The Stanzas which form the thesis of every section are given throughout in their modern translated version, as it would be worse than useless to make the subject still more difficult by introducing the archaic phraseology of the original, with its puzzling style and words. Extracts are given from the Chinese Thibetan and Sanskrit translations of the original Senzar Commentaries and Glosses on the Book of DZYAN —these being now rendered for the first time into a European language. It is almost unnecessary to state that only portions of the seven Stanzas are here given. Were they published complete they would remain incomprehensible to all save the few higher occultists. Nor is there any need to assure the reader that, no more than most of the profane, does the writer, or rather the humble recorder, understand those forbidden passages. To facilitate the reading, and to avoid the too frequent reference to foot-notes, it was thought best to blend together texts and glosses, using the Sanskrit and Tibetan proper names whenever those cannot be avoided, in preference to giving the originals. The more so as the said terms are all accepted synonyms, the former only being used between a Master and his chelas (or disciples).[2]

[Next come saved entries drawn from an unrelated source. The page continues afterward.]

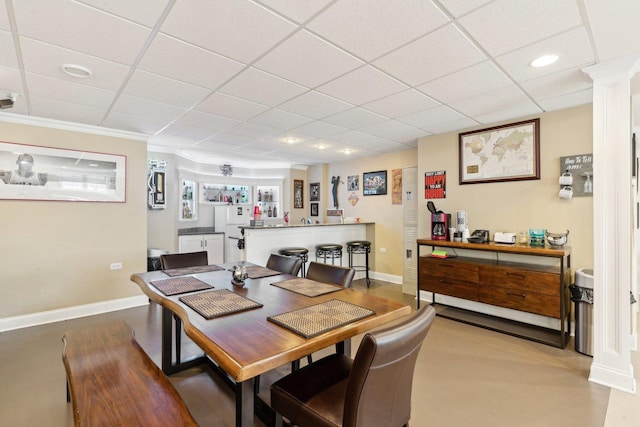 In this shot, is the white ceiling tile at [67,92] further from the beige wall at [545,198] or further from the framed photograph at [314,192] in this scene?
the framed photograph at [314,192]

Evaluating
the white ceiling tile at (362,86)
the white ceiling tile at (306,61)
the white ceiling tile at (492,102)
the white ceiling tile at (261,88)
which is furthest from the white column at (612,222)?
the white ceiling tile at (261,88)

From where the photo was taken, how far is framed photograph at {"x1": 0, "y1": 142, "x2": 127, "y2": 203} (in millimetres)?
3527

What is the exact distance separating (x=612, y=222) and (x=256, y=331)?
287 centimetres

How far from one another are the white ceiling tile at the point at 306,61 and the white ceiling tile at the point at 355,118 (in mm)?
905

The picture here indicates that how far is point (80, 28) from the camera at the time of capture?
1.87m

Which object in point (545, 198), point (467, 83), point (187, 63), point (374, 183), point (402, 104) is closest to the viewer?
point (187, 63)

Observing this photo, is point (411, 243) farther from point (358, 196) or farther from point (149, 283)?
point (149, 283)

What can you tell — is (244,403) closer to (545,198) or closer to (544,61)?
(544,61)

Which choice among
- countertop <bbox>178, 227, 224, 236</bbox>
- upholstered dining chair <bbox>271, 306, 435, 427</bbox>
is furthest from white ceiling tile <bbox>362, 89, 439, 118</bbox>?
countertop <bbox>178, 227, 224, 236</bbox>

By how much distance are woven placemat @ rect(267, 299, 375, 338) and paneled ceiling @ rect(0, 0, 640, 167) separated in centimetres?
173

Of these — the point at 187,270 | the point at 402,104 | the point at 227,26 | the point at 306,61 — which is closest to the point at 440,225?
the point at 402,104

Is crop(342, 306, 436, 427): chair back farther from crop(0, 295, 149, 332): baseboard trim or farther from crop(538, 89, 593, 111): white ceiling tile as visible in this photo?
crop(0, 295, 149, 332): baseboard trim

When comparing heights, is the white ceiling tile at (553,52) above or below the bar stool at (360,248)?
above

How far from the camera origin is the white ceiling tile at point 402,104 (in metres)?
2.98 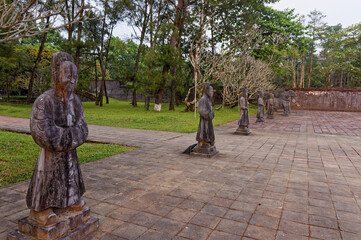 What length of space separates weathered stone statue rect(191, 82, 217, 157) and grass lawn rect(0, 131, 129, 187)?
2023 millimetres

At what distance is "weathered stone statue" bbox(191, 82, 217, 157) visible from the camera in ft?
19.5

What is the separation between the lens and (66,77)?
229cm

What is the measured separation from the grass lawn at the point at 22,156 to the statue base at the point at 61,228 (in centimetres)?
191

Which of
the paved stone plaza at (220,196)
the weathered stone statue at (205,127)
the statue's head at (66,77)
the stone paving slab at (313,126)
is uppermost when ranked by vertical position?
the statue's head at (66,77)

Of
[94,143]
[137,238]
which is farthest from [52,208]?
[94,143]

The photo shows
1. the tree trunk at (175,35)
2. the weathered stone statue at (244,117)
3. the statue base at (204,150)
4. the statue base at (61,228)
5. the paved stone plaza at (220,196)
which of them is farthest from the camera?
the tree trunk at (175,35)

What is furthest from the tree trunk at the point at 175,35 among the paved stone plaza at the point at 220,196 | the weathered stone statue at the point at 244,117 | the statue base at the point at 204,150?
the paved stone plaza at the point at 220,196

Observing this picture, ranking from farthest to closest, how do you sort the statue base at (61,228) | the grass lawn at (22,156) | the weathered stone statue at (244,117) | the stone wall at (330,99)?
1. the stone wall at (330,99)
2. the weathered stone statue at (244,117)
3. the grass lawn at (22,156)
4. the statue base at (61,228)

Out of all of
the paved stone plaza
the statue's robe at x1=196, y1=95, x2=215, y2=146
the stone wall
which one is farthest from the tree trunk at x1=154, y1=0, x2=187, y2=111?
the stone wall

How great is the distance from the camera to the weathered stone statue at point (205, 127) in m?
5.94

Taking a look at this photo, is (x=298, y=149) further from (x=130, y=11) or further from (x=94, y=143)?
(x=130, y=11)

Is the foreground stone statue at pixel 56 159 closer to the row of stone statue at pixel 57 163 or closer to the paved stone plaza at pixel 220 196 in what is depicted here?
the row of stone statue at pixel 57 163

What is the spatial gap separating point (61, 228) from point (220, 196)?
2.11 m

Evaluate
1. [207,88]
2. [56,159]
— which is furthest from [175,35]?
[56,159] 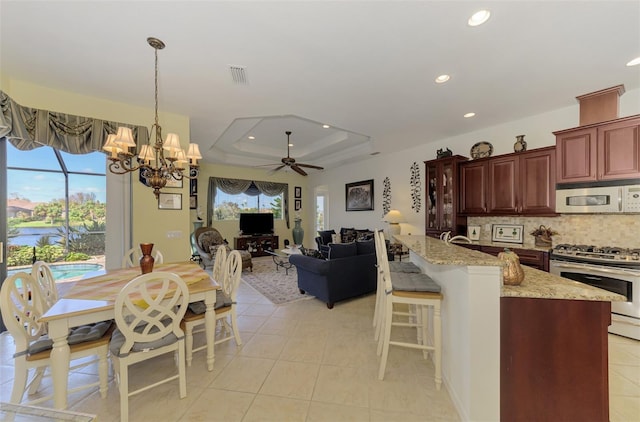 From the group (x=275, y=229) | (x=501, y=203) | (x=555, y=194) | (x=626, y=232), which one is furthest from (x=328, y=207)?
(x=626, y=232)

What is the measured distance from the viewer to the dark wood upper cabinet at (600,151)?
2.65 m

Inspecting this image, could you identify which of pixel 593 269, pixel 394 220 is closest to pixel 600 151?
pixel 593 269

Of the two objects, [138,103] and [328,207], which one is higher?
[138,103]

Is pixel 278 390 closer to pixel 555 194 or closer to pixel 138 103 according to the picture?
pixel 138 103

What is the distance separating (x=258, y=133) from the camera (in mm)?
5242

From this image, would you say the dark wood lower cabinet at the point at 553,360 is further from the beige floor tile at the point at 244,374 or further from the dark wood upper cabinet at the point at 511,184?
the dark wood upper cabinet at the point at 511,184

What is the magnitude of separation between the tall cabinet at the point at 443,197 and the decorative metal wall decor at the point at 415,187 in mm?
454

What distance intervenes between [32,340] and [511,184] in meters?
5.60

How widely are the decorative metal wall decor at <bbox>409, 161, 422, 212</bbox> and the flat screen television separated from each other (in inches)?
175

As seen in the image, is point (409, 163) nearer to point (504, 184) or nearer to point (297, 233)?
point (504, 184)

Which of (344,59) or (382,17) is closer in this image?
(382,17)

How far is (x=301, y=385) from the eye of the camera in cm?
193

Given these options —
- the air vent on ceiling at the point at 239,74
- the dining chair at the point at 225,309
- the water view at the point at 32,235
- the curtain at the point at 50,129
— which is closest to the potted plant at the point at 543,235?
the dining chair at the point at 225,309

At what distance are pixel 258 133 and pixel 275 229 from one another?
12.2ft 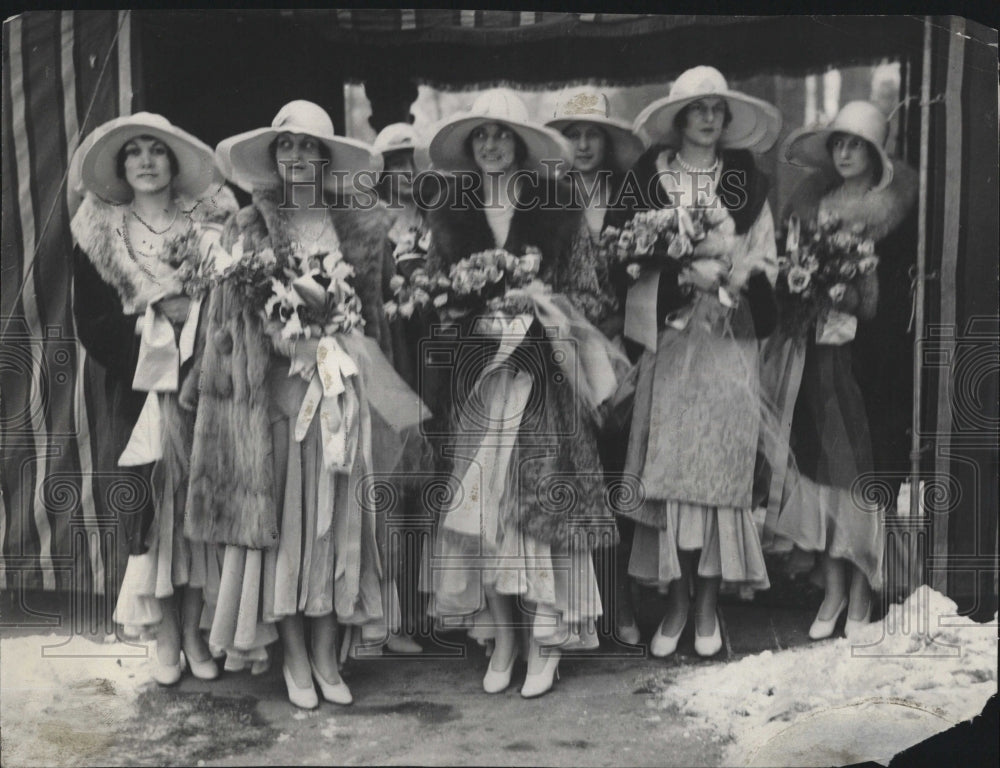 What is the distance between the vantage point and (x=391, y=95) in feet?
17.1

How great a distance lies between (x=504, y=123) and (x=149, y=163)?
131cm

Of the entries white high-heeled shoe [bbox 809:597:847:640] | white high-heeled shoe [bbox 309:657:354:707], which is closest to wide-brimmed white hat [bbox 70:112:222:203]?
white high-heeled shoe [bbox 309:657:354:707]

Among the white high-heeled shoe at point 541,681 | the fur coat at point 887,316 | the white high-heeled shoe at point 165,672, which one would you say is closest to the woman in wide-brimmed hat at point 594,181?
the fur coat at point 887,316

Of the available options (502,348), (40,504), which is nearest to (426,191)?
(502,348)

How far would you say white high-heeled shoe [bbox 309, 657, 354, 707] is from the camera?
5.32 metres

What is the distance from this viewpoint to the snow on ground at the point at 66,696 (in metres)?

The Secret Doctrine published two sets of Stanzas: one on cosmic evolution and the other on human evolution. With regard to the first set Mme. Blavatsky wrote:

The reader has to bear in mind that the Stanzas given treat only of the Cosmogony of our own planetary System and what is visible around it, after a Solar Pralaya. The secret teachings with regard to the Evolution of the Universal Kosmos cannot be given, since they could not be understood by the highest minds in this age, and there seem to be very few Initiates, even among the greatest, who are allowed to speculate upon this subject.[3]


The Stanzas, therefore, give an abstract formula which can be applied, mutatis mutandis, to all evolution: to that of our tiny earth, to that of the chain of planets of which that earth forms one, to the solar Universe to which that chain belongs, and so on, in an ascending scale, till the mind reels and is exhausted in the effort.
The seven Stanzas given in this volume represent the seven terms of this abstract formula. They refer to, and describe the seven great stages of the evolutionary process, which are spoken of in the Purânas as the “Seven Creations,” and in the Bible as the “Days” of Creation.[4]


Talking about the second set of Stanzas, that on Anthropogenesis, Blavatsky wrote:

The Stanzas, with the Commentaries thereon, in this Book, the second, are drawn from the same Archaic Records as the Stanzas on Cosmogony in Book I . As far as possible a verbatim translation is given; but some of the Stanzas were too obscure to be understood without explanation. Hence, as was done in Book I., while they are first given in full as they stand, when taken verse by verse with their Commentaries an attempt is made to make them clearer, by words added in brackets, in anticipation of the fuller explanation of the Commentary.[5]


Notes

  1. Helena Petrovna Blavatsky, Secret Doctrine vol. I (Adyar, Madras: Theosophical Publishing House, 1978), xxxvii.
  2. Helena Petrovna Blavatsky, Secret Doctrine vol. I (Adyar, Madras: Theosophical Publishing House, 1978), 22-23.
  3. Helena Petrovna Blavatsky, Secret Doctrine vol. I (Adyar, Madras: Theosophical Publishing House, 1978), 13.
  4. Helena Petrovna Blavatsky, Secret Doctrine vol. I (Adyar, Madras: Theosophical Publishing House, 1978), 20-21.
  5. Helena Petrovna Blavatsky, Secret Doctrine vol. II (Adyar, Madras: Theosophical Publishing House, 1979), 1.